━━━ PROVIDED DATA

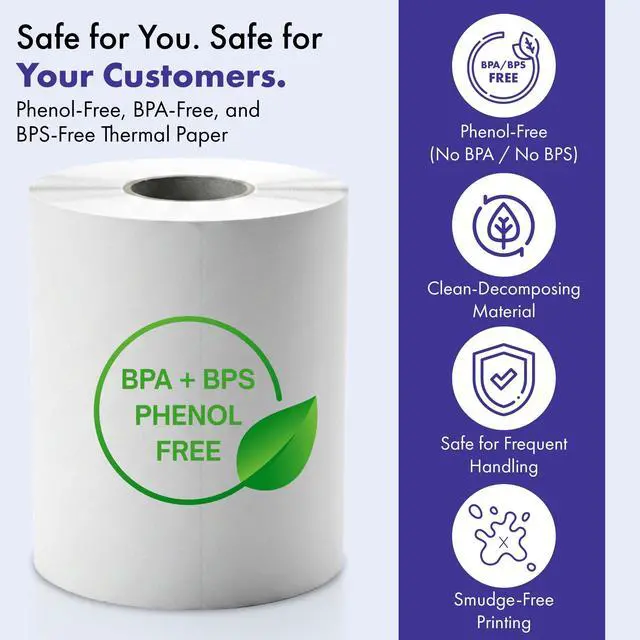Alt view image 4 of 7 - 3 1/8 x 220' Thermal Receipt Paper Rolls 50 Count BPA & BPS Free Phenol-Free Thermal Printer Paper, 48 GSM POS Paper Rolls for Credit Card Machines, Registers & Retail Use, Recyclable Core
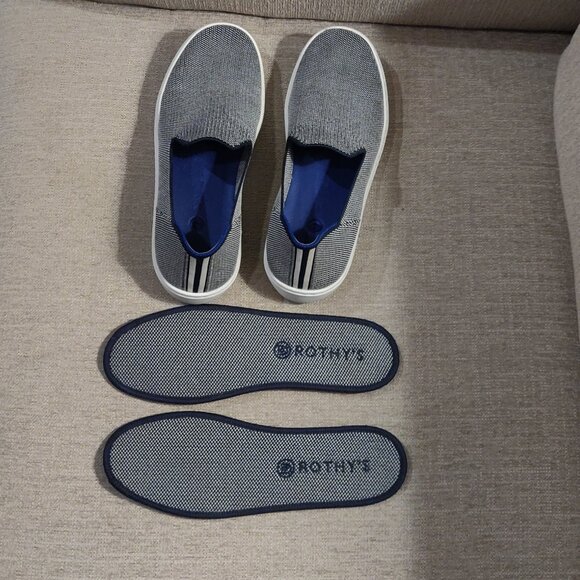 Rothy's The Slip On Anchor Knit Sneaker Navy Blue SIZE 7 - Picture 4 of 6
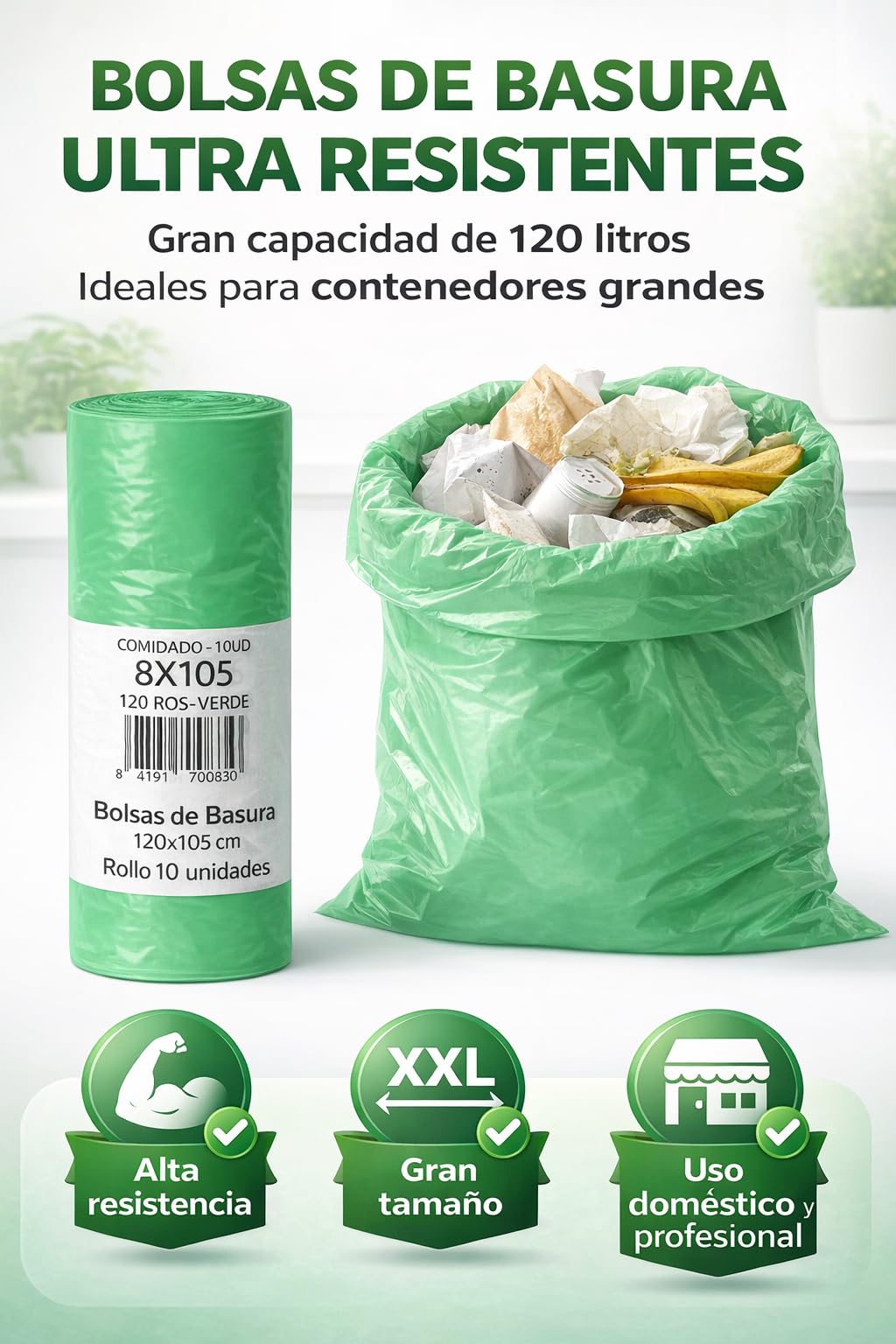 Bolsas de Basura Verdes 120L (85x105 cm) – Rollo de 10 Bolsas Resistentes | Bolsas Industriales para Contenedor Grande | Uso Doméstico y Profesional | Pack de 15, 30 o 60 Rollos (30)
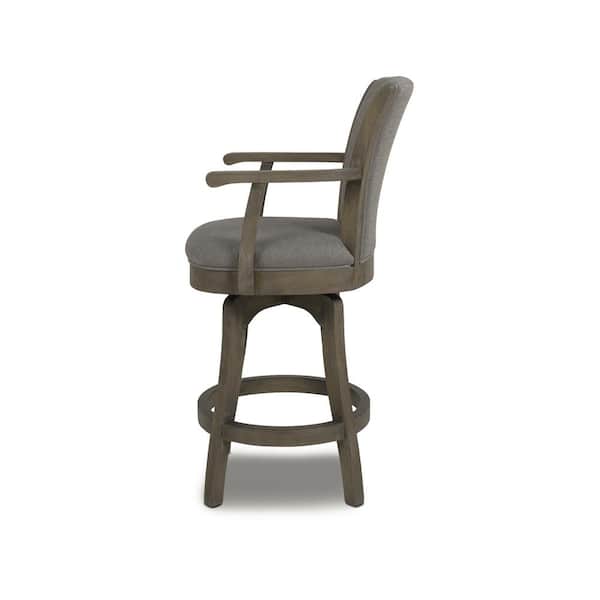 Williams 27 in. Gray Linen Modern Rustic High Back Swivel Kitchen Counter Height Bar Stool with Armrests and Wood Frame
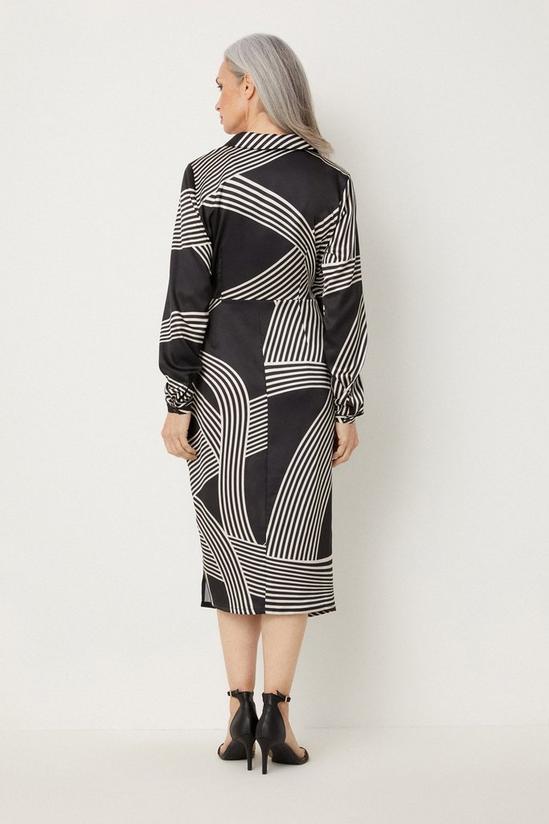 Wallis Abstract Stripe Tie Wrap Dress 3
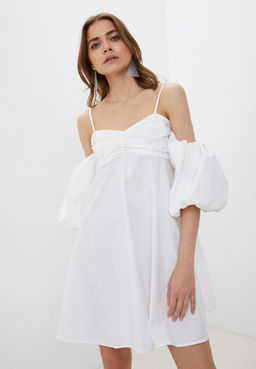 Платье-мини с объёмными рукавами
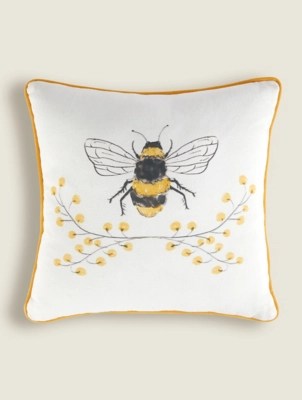 Yellow Bee Meadow Cushion Home at ASDA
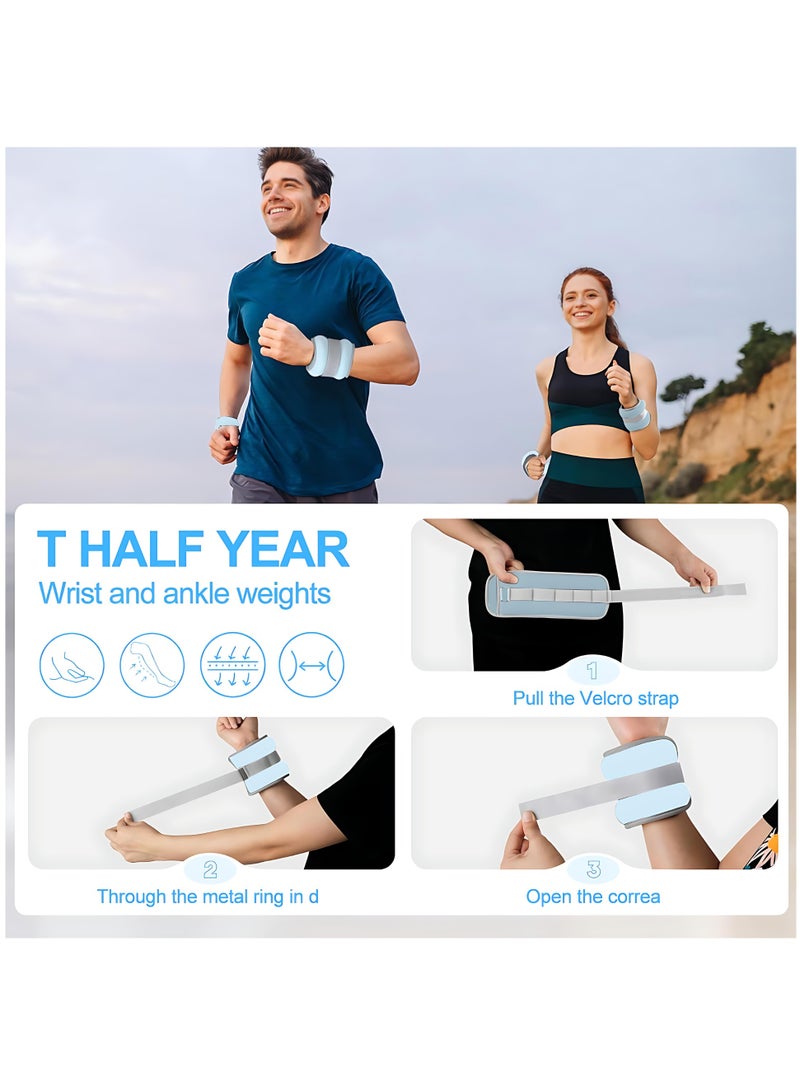 ALMiHomi Adjustable Soft Ankle and Wrist Weights 0.5kg Pair Sandbag Fitness Weights for Women Comfortable Breathable Design for Walking Yoga Home Workout and Slimming - Image 5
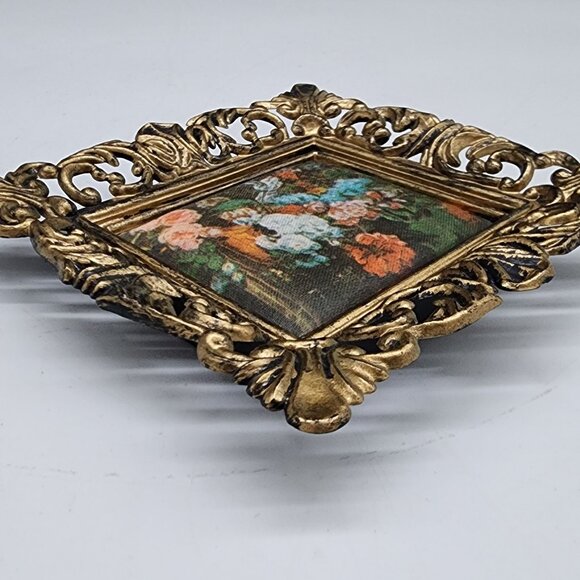 Vintage Ornate Plastic Gold Mini Picture Frame With Floral Satin Fabric 2x2.5 - Picture 9 of 11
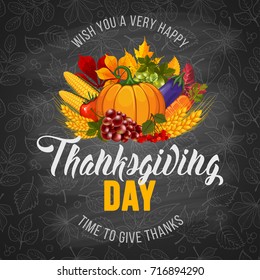 Thanksgiving greeting design with pumpkin, other vegetables, autumn leaves, and calligraphy inscription Thanksgiving Day on chalkboard background. Vector illustration.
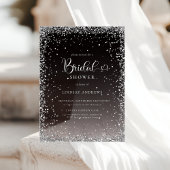 Modern Black Silver Glitter Bridal Shower  Acryleinladungen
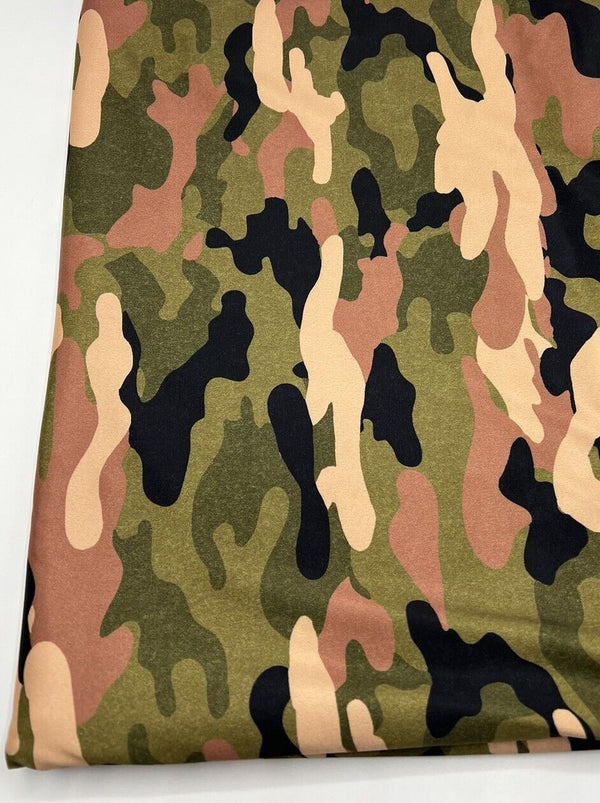 Khaki Camo Print Soft Touch Stretch Fabric
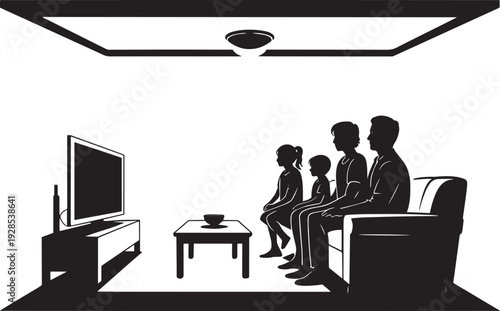 Family sitting on sofa watching television in living room silhouette vector illustration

━━━━━━

ACTIVITY
Your answer is the exact run of lines above from the one with "Wallis Abstract Stripe Tie Wrap Dress 3" through the one with "ALMiHomi Adjustable Soft", both ends included, minus any picture.

RESULT FOR THIS EXERCISE
 Wallis Abstract Stripe Tie Wrap Dress 3
 Платье-мини с объёмными рукавами
 Yellow Bee Meadow Cushion Home at ASDA
 ALMiHomi Adjustable Soft Ankle and Wrist Weights 0.5kg Pair Sandbag Fitness Weights for Women Comfortable Breathable Design for Walking Yoga Home Workout and Slimming - Image 5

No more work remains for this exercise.